Und alle diese mit Energie angereicherten Denkstrukturen wirken letztlich auch gemäß ihrer Ausrichtung auf die nachfolgenden Gedanken, wie auch psychosomatisch auf unseren Körper ein... heilend, oder krankmachend... auch wenn wir nicht beabsichtigen, damit nach aussen hin zu wirken, entfalten die genannten Energien und diese inneren "Sparringskämpfe" eines undisziplinierten Verstandes, ihre Wirkung in uns selbst...

Wir selbst sind unsere Allernächsten, die immer als erste das abkriegen, was wir in uns als gedankliche Szenarien durchspielen oder was wir beabsichtigen, nach aussen auf die 'Zweitnächsten' zu richten...

Das vergessen wir manchmal, wenn wir durch irgendwelche ablenkenden oder emotionalisierenden Umstände unsere Wachheit verlieren und unbewusst werden (geistig schlafend)...
 

Schneeball 15.04.2019 um 11:07

Danke @Shaniaa,@Mikel - sehr gut formuliert - -

Deshalb ist "unser Gott" - oder - der Gott schlechthin - so stark ER ist mit
sich selbst völlig eins und "heil" - identisch,authentisch : "Ich bin,der ich bin".
Wer von uns kann das schon sagen ? ? ? 😉

Aber  - wir dürfen "on the way" sein ! !

Gut und tröstlich zu wissen  -  und ER hilft dabei ! Jip !!!!
 

Marion5000 15.04.2019 um 11:28

🙂Es heisst : Liebe Deinen Nächsten, wie Dich selbst.😊

                   Doch Jesus sagte: Zuerst kommt der liebe Gott.
                                             Unser Herrgott.

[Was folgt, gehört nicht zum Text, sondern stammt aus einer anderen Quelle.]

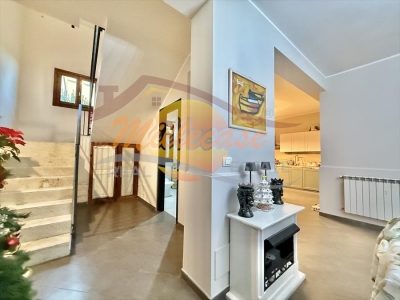 casa indipendente in vendita a Melilli
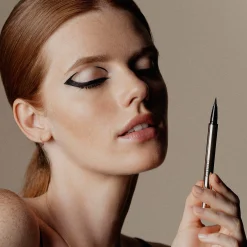 Sisley Paris Ligne Noire Eyeliner 1 Deep Black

                                             Und alle machen Fehler.

       Deswegen sollten alle Brüder und Schwestern im Herrn sein.

       Christen in aller Welt feiern Ostern. Zur Vorbereitung gehört, dass man seine
       Fehler bereut und NEU anfangen mag. Also mit sich und den Mitmenschen
       ein neues und besseres Zusammenleben als Ziel hat.

       So verstehe ich es. ⛪☀❤

       Die Kommunionkinder lernen jedes Jahr das Gleiche.
       Die Eltern haben eine Vorbildfunktion.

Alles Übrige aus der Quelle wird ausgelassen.